- _Assignment_
What you return should be the lines from the one with "isabel 09 online" through the one with "Spacious, unfurnished interior" in the data below, reproduced exactly with both ends, and no pictures at all.

- _Data_
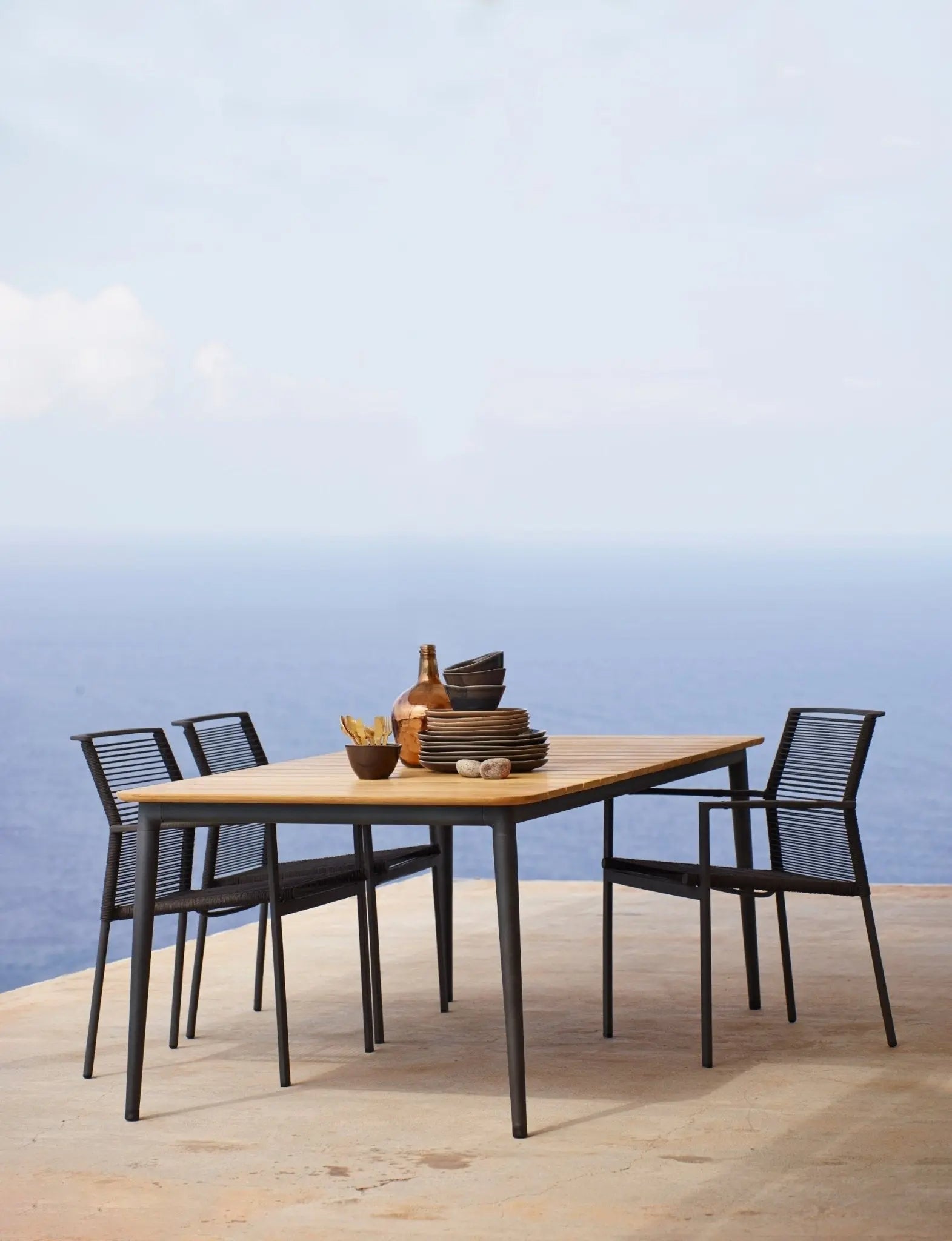 Cane-line Core pöytä 160x90 musta/tiikki - Laatukaluste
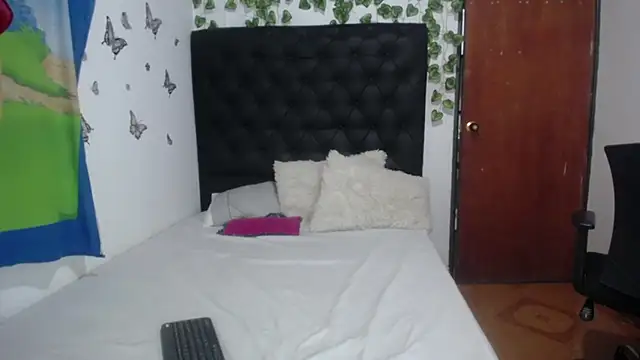 isabel 09 online show from February 12, 3:17 am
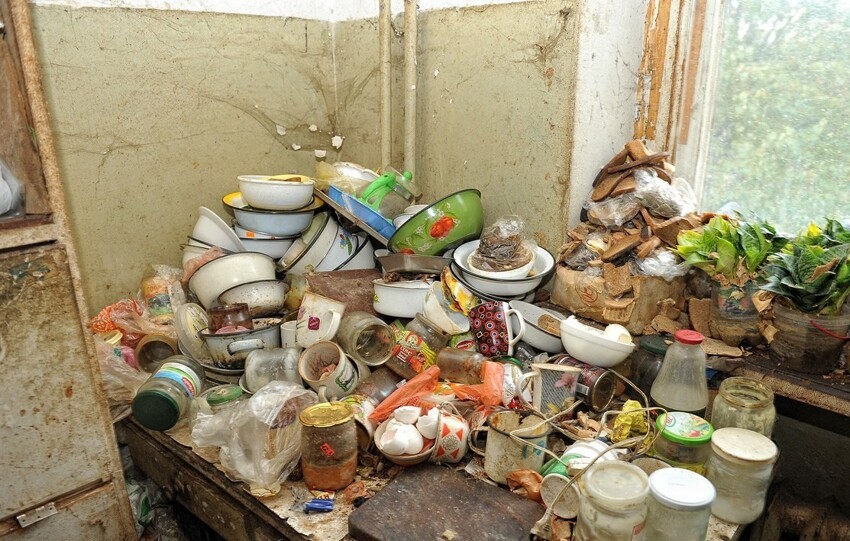 В российском городе в ответ на жалобы соседей вскрыли набитую мусором квартиру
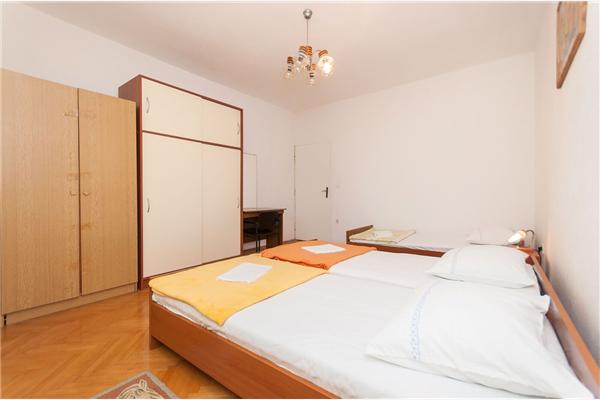 Apartment A1, for 6 persons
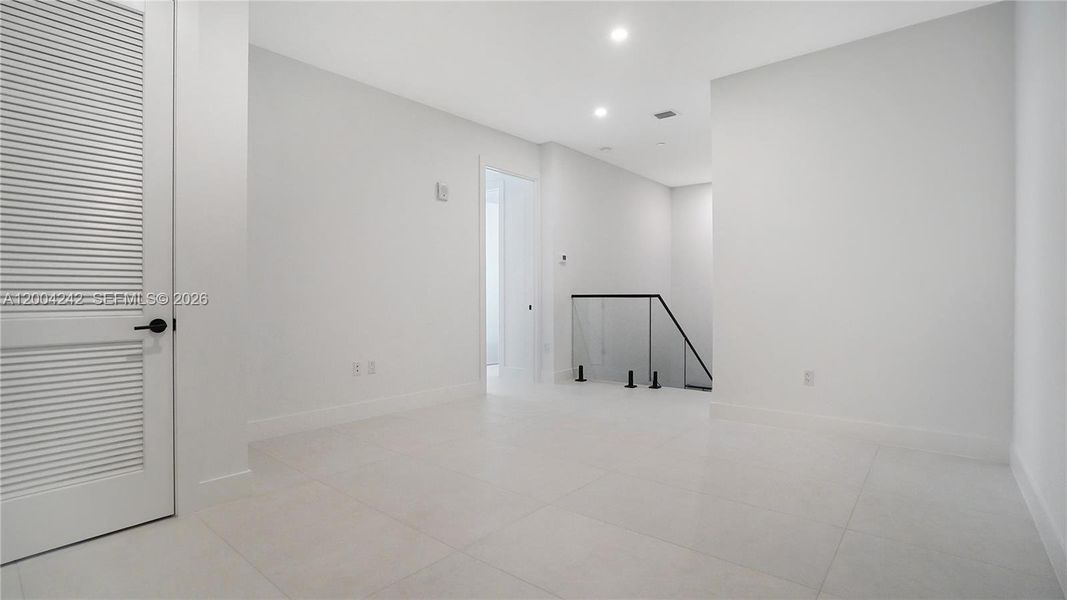 Spacious, unfurnished interior of a new home in , Miami (Image 20).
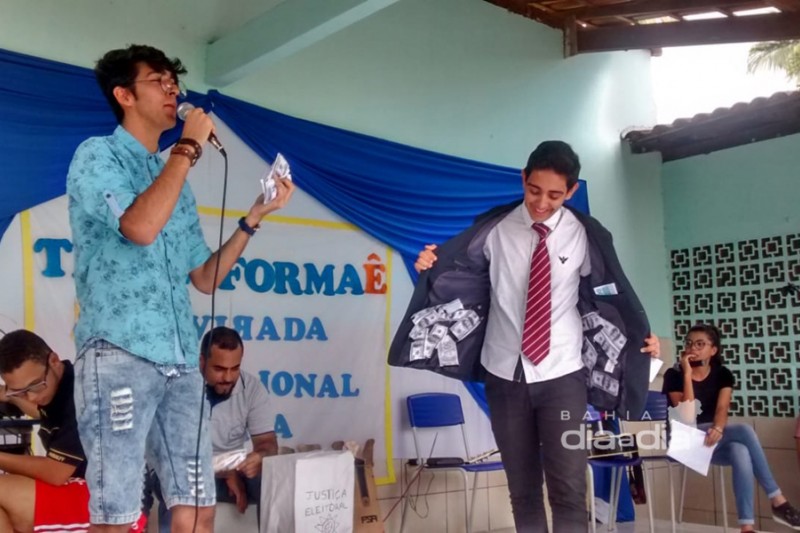 Foto: Apresentações culturais,amostras de física e química e palestras, estiveram entre as atividades desempenhadas pelos estudantes. (Foto: Divulgação)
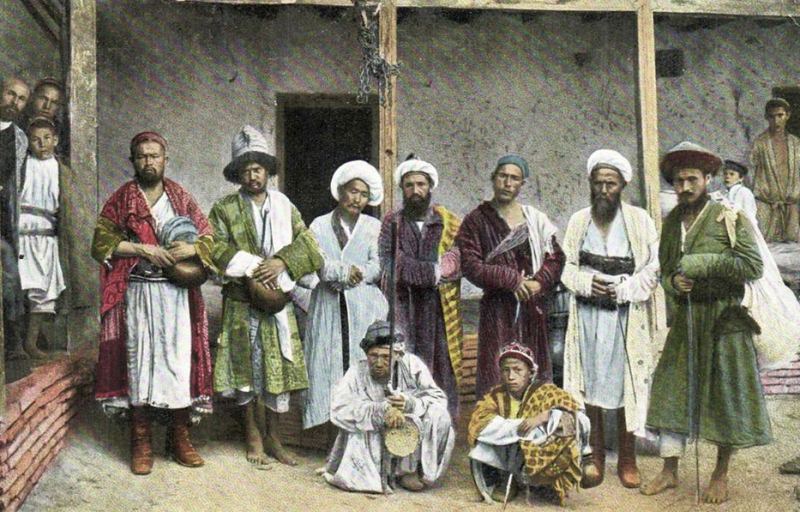 In the circle of dervishes. Turkestan Territory, early XX century. Postcard from an unknown publisher.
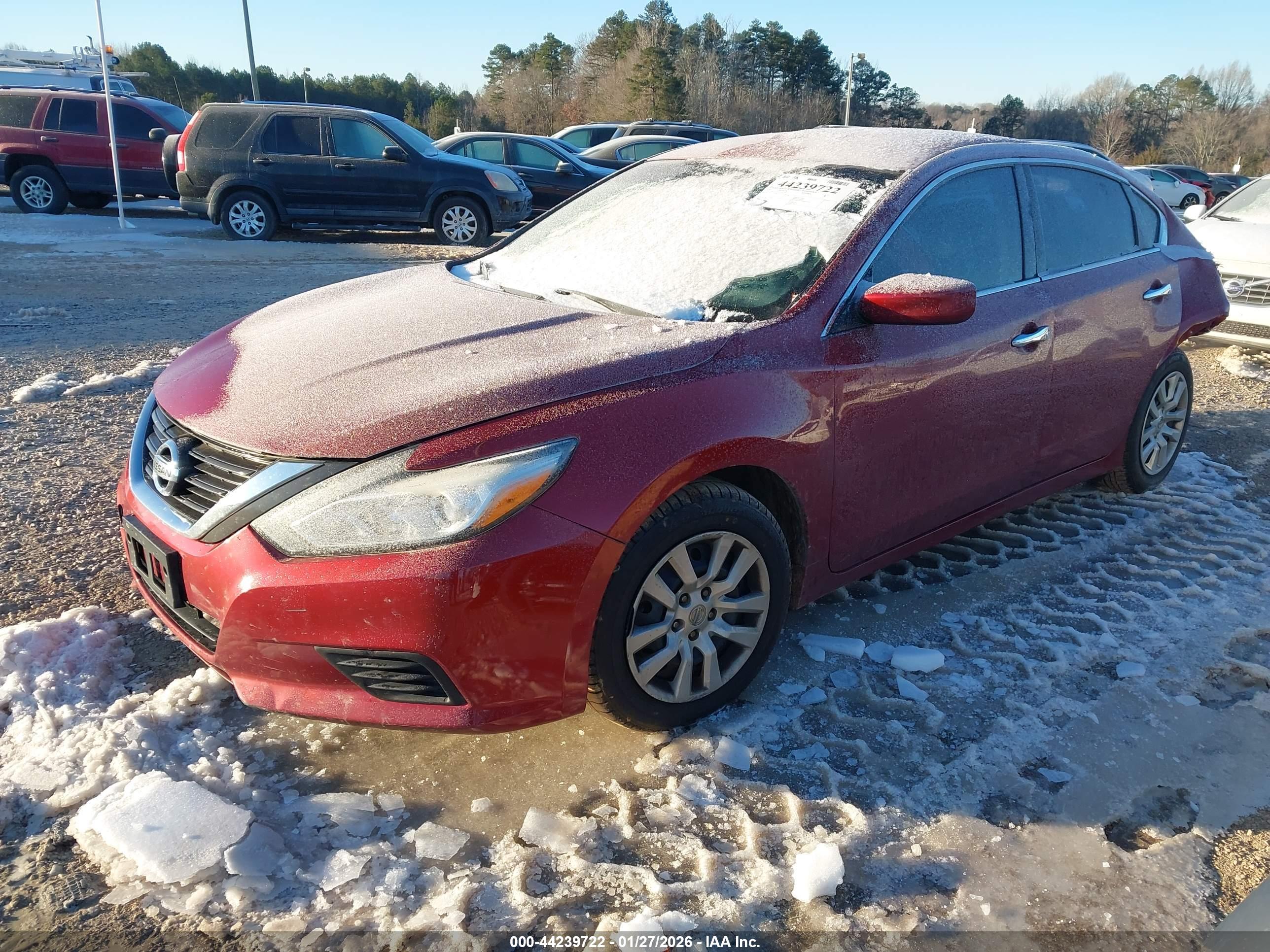 NISSAN ALTIMA image 2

- _Answer space_
 isabel 09 online show from February 12, 3:17 am
 В российском городе в ответ на жалобы соседей вскрыли набитую мусором квартиру
 Apartment A1, for 6 persons
 Spacious, unfurnished interior of a new home in , Miami (Image 20).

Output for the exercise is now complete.